In selecting stocks for Mawer Global Small Cap, Phadke works closely with lead manager Christian Deckart, deputy chief investment officer and co-manager Paul Moroz, chief investment officer and John Wilson equity analyst. They seek firms that meet three initial characteristics that they believe will work in their favour: wealth-creating companies, excellent management teams and stocks that are trading at a discount to intrinsic value. “These are the broadest filters that we apply not just to the global small-cap fund, but across the firm,” says Phadke. “Within the small-cap fund, we look for more specific characteristics.
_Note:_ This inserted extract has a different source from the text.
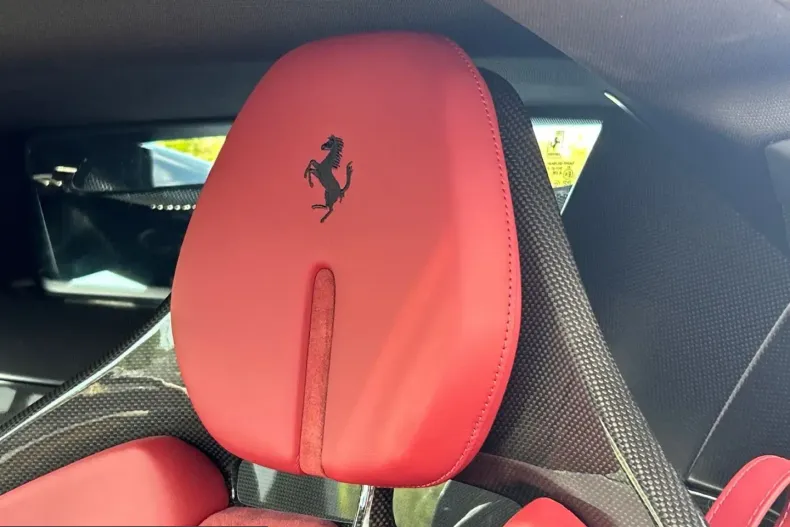 Ferrari SF90 din 2022 cu 5.500 km - oferta FER230382 - foto 14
Broad bets with key factors over focused filters
Among the factors they look for are recurring revenues, dominant market shares, firms that are managed by owners or companies with high incremental returns on capital. “You want to keep the filters pretty broad. You might look at filters such as market share or recurring revenues. But you don’t want to go too much further, because then it becomes too much of a forecast and that won’t account for the inherent unpredictability of the world.”
One top name in a portfolio with 70 holdings is Bravida Holding AB (BRAV), a Swedish firm specializing in electrical and heating ventilation and air conditioning (HVAC) services for commercial clients. “Typically, most HVAC services are done by Mom and Pop operators. Bravida is professionalizing the business or industrializing a craft. And they are the number one player in Sweden,” says Phadke. “Despite this, they only have a 6% market share, so it’s a very fragmented market. They are slowly acquiring the Mom and Pop operators and putting them on their platform, centralizing their procurement and purchasing, and helping to improve their margins and efficiencies.” Acquired in late 2018, Bravida stock is trading at about 18 times forward earnings. According to Phadke, it could generate an internal rate of return of up to 9% in some scenarios.
Another favourite is Fielmann AG (FIE), the largest eyewear retailer in Germany. The firm began in the 1970s and benefitted from a public-funded insurance plan. It now accounts for 53% of the market, or twice that of the nearest competitor. “Their glasses are up to 30% cheaper than their competitors because they produce their glasses in-house and have a very large assortment and get a lot of customer traffic. They continue to grow due to ageing demographics. And 30% of the market is held by Mom and Pop shops that don’t have the scale to compete. That’s where Fielmann is taking market share from,” says Phadke. Acquired in late 2018, the stock is trading at a high multiple of 36 times trailing earnings. “It’s a very stable business that continues to grow at 5-10%,” says Phadke, adding that the stock could generate an internal rate of return of up to 6% in some scenarios, versus German government bonds that have negative yields.